==== Records for this task

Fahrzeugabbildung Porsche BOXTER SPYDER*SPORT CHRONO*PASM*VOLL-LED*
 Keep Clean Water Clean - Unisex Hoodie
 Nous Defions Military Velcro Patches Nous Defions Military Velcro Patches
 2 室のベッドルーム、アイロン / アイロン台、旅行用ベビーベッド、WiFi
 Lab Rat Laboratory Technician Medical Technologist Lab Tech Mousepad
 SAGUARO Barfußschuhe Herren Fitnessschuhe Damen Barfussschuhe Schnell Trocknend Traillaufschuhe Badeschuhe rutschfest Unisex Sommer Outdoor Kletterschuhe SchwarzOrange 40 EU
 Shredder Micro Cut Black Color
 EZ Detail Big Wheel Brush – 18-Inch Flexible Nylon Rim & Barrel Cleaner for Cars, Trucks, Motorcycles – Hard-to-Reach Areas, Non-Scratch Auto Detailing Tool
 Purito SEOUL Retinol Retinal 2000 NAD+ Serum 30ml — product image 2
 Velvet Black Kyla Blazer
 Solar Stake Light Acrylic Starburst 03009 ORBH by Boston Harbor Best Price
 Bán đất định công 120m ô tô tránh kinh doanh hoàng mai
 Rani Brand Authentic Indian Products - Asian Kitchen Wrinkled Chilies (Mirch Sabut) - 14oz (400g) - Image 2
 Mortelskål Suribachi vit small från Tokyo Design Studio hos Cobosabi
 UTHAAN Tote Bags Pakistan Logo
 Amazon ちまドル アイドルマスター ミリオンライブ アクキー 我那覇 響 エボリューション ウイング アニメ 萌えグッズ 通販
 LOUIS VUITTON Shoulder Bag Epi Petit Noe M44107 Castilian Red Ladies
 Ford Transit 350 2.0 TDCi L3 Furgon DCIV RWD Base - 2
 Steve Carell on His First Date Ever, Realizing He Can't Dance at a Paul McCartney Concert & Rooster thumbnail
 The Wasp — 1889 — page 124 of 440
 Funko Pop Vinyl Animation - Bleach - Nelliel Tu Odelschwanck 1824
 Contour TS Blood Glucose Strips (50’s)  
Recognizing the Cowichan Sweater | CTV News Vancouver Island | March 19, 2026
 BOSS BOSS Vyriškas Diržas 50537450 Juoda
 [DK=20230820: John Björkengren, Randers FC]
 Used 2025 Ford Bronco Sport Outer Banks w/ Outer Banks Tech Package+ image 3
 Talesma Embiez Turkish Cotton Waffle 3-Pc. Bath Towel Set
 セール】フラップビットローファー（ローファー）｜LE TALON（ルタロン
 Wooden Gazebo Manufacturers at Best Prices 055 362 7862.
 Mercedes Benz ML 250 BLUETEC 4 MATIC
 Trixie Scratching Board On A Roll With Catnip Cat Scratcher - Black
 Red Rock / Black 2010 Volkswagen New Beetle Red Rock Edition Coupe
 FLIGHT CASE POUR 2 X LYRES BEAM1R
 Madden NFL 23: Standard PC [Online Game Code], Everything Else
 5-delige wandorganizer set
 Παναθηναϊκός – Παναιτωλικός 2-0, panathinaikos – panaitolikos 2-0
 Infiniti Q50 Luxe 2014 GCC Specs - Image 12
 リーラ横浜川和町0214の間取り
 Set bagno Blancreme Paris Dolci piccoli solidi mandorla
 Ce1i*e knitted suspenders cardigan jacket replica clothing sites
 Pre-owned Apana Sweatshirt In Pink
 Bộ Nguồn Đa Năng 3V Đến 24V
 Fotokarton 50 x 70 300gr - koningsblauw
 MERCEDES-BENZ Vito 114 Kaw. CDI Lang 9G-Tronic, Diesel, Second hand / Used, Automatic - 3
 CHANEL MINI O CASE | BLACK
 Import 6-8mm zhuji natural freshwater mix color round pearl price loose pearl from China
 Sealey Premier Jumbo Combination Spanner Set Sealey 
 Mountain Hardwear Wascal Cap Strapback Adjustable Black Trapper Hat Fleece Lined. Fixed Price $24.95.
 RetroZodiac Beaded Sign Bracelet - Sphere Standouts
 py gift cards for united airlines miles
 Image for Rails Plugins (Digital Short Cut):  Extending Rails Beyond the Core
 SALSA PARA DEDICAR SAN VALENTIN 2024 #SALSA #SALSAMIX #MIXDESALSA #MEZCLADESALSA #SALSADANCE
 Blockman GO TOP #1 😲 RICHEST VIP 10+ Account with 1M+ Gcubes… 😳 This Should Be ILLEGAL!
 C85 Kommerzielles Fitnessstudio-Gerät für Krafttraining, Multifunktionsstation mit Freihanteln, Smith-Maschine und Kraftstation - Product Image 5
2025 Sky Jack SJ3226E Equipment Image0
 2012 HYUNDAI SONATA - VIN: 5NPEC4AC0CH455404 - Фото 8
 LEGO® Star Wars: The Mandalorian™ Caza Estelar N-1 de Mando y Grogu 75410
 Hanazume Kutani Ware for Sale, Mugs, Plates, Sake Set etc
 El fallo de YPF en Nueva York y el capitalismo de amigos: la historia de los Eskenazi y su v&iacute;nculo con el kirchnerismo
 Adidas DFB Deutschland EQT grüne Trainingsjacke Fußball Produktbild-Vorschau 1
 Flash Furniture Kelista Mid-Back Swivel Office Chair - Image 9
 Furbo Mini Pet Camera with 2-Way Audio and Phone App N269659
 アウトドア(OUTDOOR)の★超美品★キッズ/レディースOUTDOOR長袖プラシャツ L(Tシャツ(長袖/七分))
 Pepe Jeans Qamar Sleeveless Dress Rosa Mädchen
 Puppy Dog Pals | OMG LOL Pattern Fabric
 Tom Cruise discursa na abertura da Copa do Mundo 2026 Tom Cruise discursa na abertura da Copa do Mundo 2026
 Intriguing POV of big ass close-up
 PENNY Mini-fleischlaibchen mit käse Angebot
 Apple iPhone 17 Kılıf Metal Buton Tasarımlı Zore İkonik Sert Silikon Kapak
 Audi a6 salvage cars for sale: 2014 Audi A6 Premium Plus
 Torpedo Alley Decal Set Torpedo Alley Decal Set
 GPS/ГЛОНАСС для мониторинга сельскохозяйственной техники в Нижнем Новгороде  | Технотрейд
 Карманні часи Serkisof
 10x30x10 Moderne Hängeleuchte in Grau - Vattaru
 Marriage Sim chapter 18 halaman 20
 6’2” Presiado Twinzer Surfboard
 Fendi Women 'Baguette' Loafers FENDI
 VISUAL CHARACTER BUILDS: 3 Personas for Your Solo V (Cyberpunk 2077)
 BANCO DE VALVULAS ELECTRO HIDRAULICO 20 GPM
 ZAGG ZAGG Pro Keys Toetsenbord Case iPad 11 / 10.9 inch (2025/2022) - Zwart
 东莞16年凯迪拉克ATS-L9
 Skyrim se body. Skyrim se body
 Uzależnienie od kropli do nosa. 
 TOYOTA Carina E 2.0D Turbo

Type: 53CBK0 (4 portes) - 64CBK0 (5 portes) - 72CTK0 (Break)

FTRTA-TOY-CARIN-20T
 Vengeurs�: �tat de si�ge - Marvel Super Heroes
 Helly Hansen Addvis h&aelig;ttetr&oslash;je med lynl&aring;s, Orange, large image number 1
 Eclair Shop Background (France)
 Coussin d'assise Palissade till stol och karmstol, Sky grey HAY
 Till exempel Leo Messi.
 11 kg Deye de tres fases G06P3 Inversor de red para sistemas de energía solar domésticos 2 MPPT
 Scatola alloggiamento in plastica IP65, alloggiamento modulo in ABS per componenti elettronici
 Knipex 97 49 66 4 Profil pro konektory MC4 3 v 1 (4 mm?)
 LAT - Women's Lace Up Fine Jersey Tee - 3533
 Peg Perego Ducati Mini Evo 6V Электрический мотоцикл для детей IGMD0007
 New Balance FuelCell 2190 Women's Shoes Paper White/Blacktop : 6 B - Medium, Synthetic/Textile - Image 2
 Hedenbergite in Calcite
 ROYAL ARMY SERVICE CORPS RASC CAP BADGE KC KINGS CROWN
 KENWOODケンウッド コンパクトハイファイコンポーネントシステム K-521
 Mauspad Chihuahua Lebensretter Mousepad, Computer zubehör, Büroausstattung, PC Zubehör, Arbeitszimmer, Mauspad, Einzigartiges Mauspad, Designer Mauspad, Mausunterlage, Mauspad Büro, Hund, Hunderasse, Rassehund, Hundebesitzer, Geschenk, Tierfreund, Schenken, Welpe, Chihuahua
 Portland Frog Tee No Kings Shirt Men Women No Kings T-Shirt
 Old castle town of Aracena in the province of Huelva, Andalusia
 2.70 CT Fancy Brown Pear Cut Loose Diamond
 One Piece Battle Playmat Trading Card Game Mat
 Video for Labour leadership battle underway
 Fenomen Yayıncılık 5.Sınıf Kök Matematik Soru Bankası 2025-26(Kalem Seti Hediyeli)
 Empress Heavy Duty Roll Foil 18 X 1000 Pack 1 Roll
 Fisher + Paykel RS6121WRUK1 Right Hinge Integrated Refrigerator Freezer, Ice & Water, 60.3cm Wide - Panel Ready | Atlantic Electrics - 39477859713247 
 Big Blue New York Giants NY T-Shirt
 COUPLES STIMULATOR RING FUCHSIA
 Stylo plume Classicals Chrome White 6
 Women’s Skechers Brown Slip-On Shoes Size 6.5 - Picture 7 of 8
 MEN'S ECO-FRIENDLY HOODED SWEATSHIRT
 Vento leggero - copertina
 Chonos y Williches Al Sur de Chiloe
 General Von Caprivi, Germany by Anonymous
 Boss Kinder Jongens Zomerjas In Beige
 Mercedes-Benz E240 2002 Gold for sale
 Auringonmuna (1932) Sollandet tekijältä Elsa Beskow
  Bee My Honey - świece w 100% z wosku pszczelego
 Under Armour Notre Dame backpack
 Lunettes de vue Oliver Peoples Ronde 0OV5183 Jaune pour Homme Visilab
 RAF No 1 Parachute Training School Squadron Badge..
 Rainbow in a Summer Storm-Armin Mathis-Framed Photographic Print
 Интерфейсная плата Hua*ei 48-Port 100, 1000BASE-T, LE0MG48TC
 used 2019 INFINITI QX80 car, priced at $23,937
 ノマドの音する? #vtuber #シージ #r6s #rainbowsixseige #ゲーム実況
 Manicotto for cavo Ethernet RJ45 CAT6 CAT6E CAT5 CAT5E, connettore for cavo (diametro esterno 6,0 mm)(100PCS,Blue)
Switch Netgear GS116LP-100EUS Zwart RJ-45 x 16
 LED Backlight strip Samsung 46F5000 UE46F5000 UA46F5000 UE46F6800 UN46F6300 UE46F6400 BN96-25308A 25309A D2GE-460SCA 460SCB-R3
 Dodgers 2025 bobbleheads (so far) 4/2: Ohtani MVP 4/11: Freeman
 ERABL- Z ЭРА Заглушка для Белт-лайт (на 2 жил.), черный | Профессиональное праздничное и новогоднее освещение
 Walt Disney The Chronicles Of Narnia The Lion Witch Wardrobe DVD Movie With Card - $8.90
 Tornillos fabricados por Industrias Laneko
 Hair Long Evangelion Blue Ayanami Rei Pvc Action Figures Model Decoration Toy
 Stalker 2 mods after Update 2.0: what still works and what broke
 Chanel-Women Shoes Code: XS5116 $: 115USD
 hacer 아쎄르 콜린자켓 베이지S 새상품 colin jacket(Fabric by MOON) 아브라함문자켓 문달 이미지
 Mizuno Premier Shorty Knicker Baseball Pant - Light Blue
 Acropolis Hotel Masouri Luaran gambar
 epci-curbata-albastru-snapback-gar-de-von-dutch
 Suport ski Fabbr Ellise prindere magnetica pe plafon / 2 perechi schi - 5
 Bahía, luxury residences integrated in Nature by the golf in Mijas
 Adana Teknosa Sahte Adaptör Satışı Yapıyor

========

## What to work on
Starting at the line that contains "Stalker 2 mods", quote each remaining line of the entries above, unchanged.

## Solution for this task
 Stalker 2 mods after Update 2.0: what still works and what broke
 Chanel-Women Shoes Code: XS5116 $: 115USD
 hacer 아쎄르 콜린자켓 베이지S 새상품 colin jacket(Fabric by MOON) 아브라함문자켓 문달 이미지
 Mizuno Premier Shorty Knicker Baseball Pant - Light Blue
 Acropolis Hotel Masouri Luaran gambar
 epci-curbata-albastru-snapback-gar-de-von-dutch
 Suport ski Fabbr Ellise prindere magnetica pe plafon / 2 perechi schi - 5
 Bahía, luxury residences integrated in Nature by the golf in Mijas
 Adana Teknosa Sahte Adaptör Satışı Yapıyor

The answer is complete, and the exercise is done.